Handelt es sich um so erhebliche Mängel, dass der Gebrauch der Wohnung erheblich beeinträchtigt ist, sollte man seine Mietzahlungen "unter Minderungsvorbehalt“ stellen, aber die Miete in vollem Umfang weiterhin zahlen. Vom Zeitpunkt der Mitteilung an den Vermieter läuft das Recht zur Mietminderung. Nimmt man beispielsweise als Stichtag für den Ausfall der Warmwasserversorgung den 5. März, der Vermieter lässt den Mangel aber erst am 25. März beheben. Da der Mieter die Miete in der Regel im voraus bezahlt hat, muss der Vermieter bereits im März darauf hingewiesen werden, dass diese Monatsmiete unter Vorbehalt überwiesen wurde. Den Mietminderungsbetrag für den betreffenden Zeitraum zieht man dann von der April-Miete ab.

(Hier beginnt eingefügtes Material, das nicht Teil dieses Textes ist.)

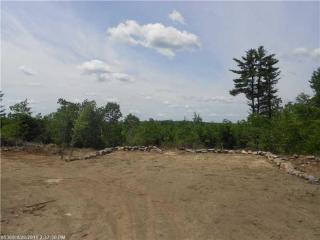 4 Ward Rd, Augusta, ME 04330 exterior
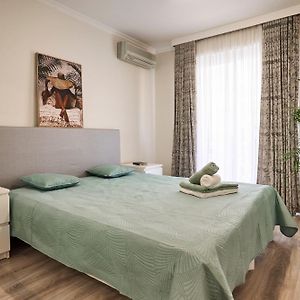 Appartement à 2 Chambres à Coucher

Zugleich sollte man jedoch die Mängel sorgfältig dokumentieren durch Fotos und Filmaufnahmen, schriftliche Bestätigungen von Zeugen, Lärm- und Schmutzprotokollen und Ähnlichem. Dabei sollten stets Daten, Zeugenaussagen und Dokumentation so präzise wie möglich sein.
Instandsetzungsklage
Ist eine große und teure Sanierungsmaßnahme notwendig, wie neue Fenster, Trockenlegung von Mauerwerk und Ähnlichem, kann man den Vermieter dazu gerichtlich verpflichten lassen. Eine Beschleunigung in der Sache ist damit allerdings in der Regel wegen der Überlastung der Gerichte nicht verbunden.
Einstweilige Verfügung
Im Zusammenhang mit Modernisierungsmaßnahmen kann es dazu kommen, dass Heizung, Wasser oder Strom unangekündigt abgestellt werden. Besonders in Wintermonaten ist dies sehr problematisch. In extremen Fällen, wenn dies auf feindseligen Motiven gegenüber den Mietern basiert, ist vorläufiger Rechtsschutz geboten. Um einen ordnungsgemäßen Antrag auf Einstweilige Verfügung zu stellen, bedarf es aufgrund der prozessrechtlichen Erfordernisse des anwaltlichen Beistands oder der sofortigen Beratung durch den örtlichen Mieterverein.